• _WHAT TO WORK ON_
All of the data below should be printed again exactly, pictures excluded.

• _GIVEN MATERIAL_
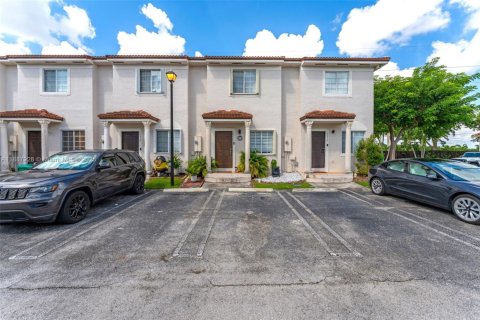 Townhouse in Miami, Florida 2 bedrooms, 104.98 sq.m. № 1941805 - photo 1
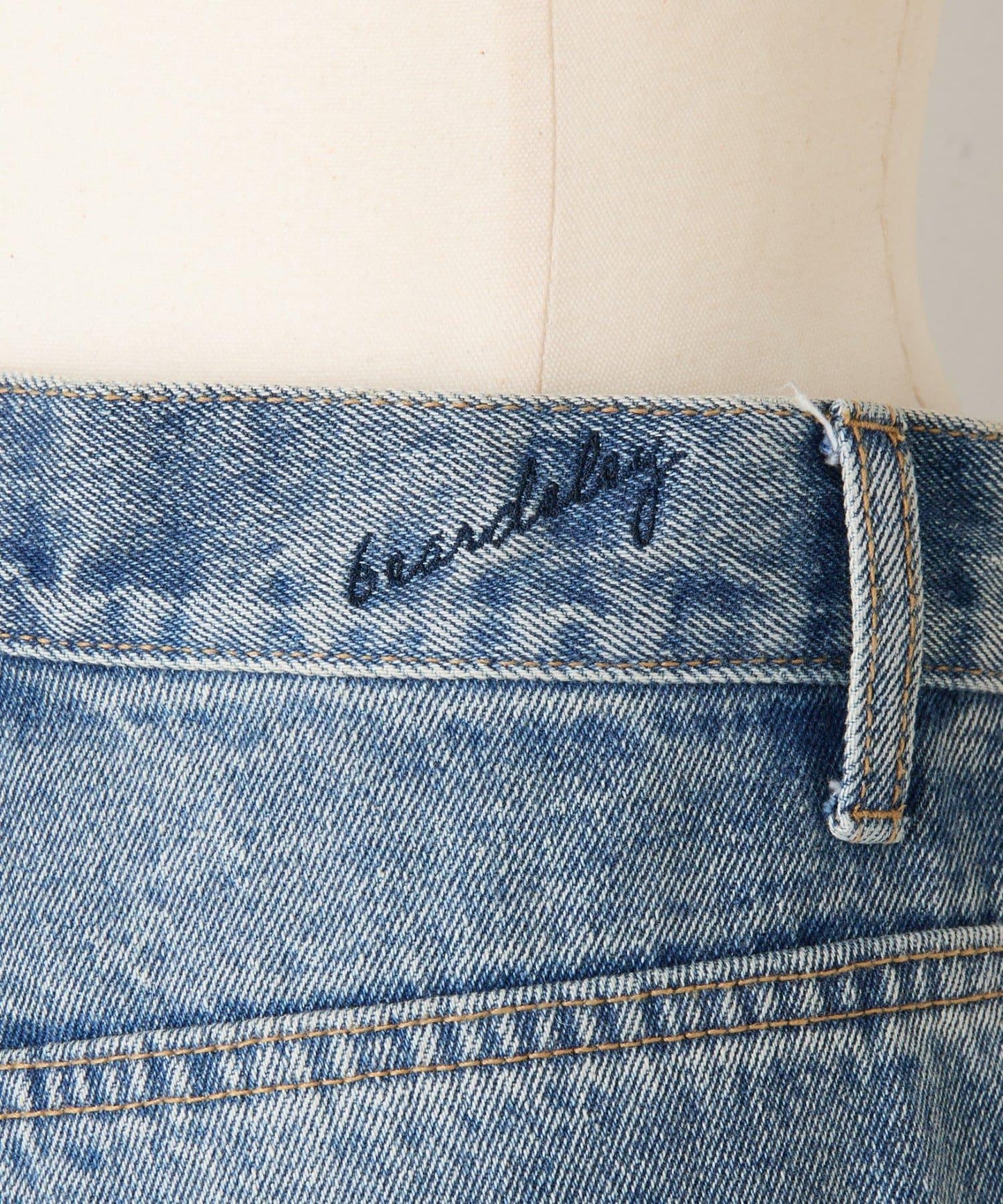 刺繡牛仔褲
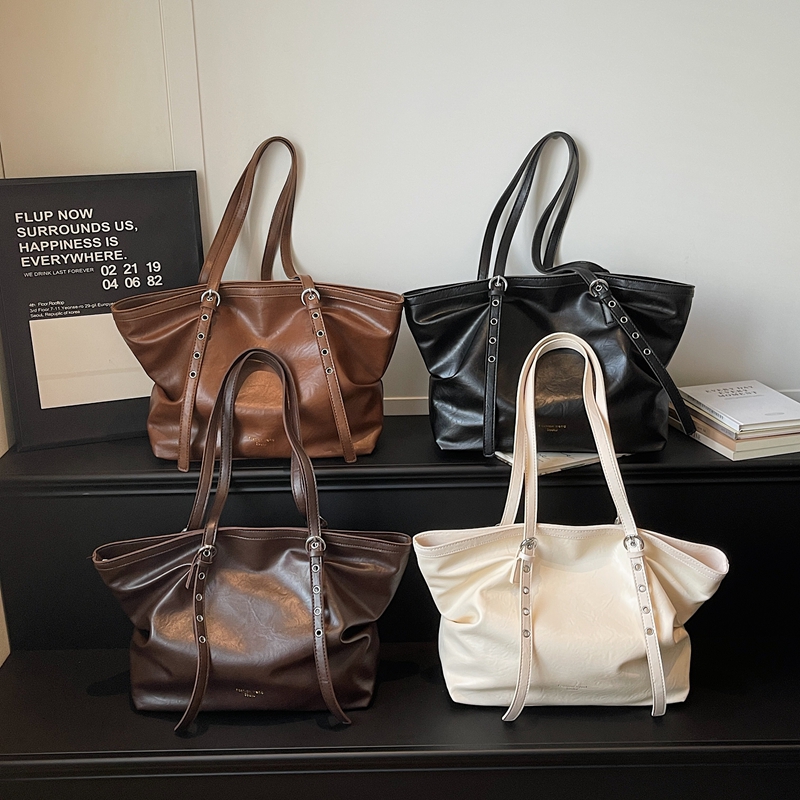 Modna torebka na ramię z PU z  – Shoulder Bag Structured recenzja i cena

• _TASK RESULT_
 Townhouse in Miami, Florida 2 bedrooms, 104.98 sq.m. № 1941805 - photo 1
 刺繡牛仔褲
 Modna torebka na ramię z PU z  – Shoulder Bag Structured recenzja i cena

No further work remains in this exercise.